Real Property Ownership: A Comparative Analysis of the Legal Provisions under English Common Law and Kuwaiti Civil Code
Dr. Thafar M Alhajri
Associate Professor of Civil Law
Saad Al-Abdullah Academy for Security Sciences
State of Kuwait
Abstract:
The prospect of rights in land exercises most minds with an interest in real property investment. All communities have a land regulatory system. Generally, the state is the ultimate custodian with a strict utilitarian management approach. As a matter of law, land ownership confers a measure of economic and social status not least for its inherent insufficiency relative to the population and means. Regulations defer to ownership rights under such equitable mechanisms as adverse possession and the unique perspective of restoration under which the principle of restoration prevails against monetary compensation.

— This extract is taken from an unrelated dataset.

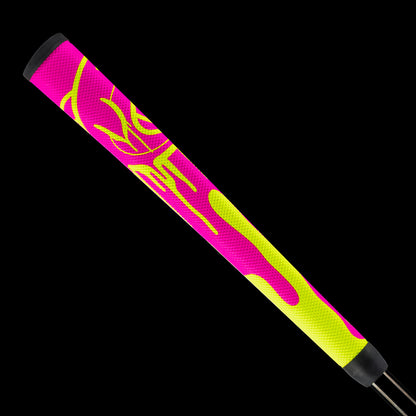 SWAG Golf neon pink dripping flipper polyurethane midsize putter grip.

This paper engages in a comparative study of land ownership under English common law and the provisions of Kuwaiti Articles, which is an Islamic civil law jurisdiction. The ambit of the study embraces Mortgages, Common-ownership, and Land Ownership. It does so in the context of their inherent complexities relative to cultural, religious, and statutory limits. Specifically, this paper utilizes the analytical and comparative methodology to explore their respective provisions of mortgages on property rights by juxtaposing land title and the impact of a mortgage on co-ownership rights in both equity and law.
The paper seeks to demonstrate that the Kuwaiti system, devoid of revolutionary foundations, provides a clearer, albeit, nascent, understanding of land ownership. Yet, in its reality, is commercially cautious. A position not totally abhorred by the English system as it developed over the years.

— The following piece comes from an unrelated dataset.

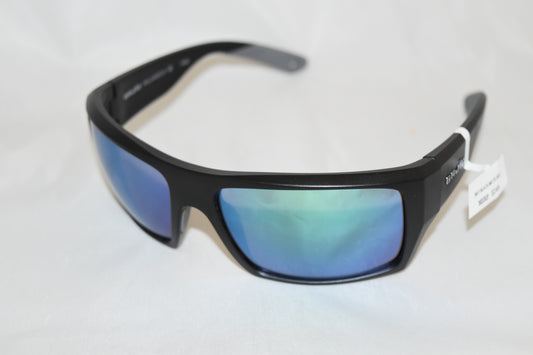 Bajio Sunglasses Nato Matte Black Blue Mirror Polarized Glass Lens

English law, by comparison, precisely due to its undulating evolution and piecemeal origins, divested itself of the vestige of tribal dogma, thus developing an economically enabling persona. Both are logical with regards to social control. Both converge at the intersection of enduring economic facilitation.
Keywords: Land, Land Law, Private Property Rights, Real Property, Real Estate, and Land Estate.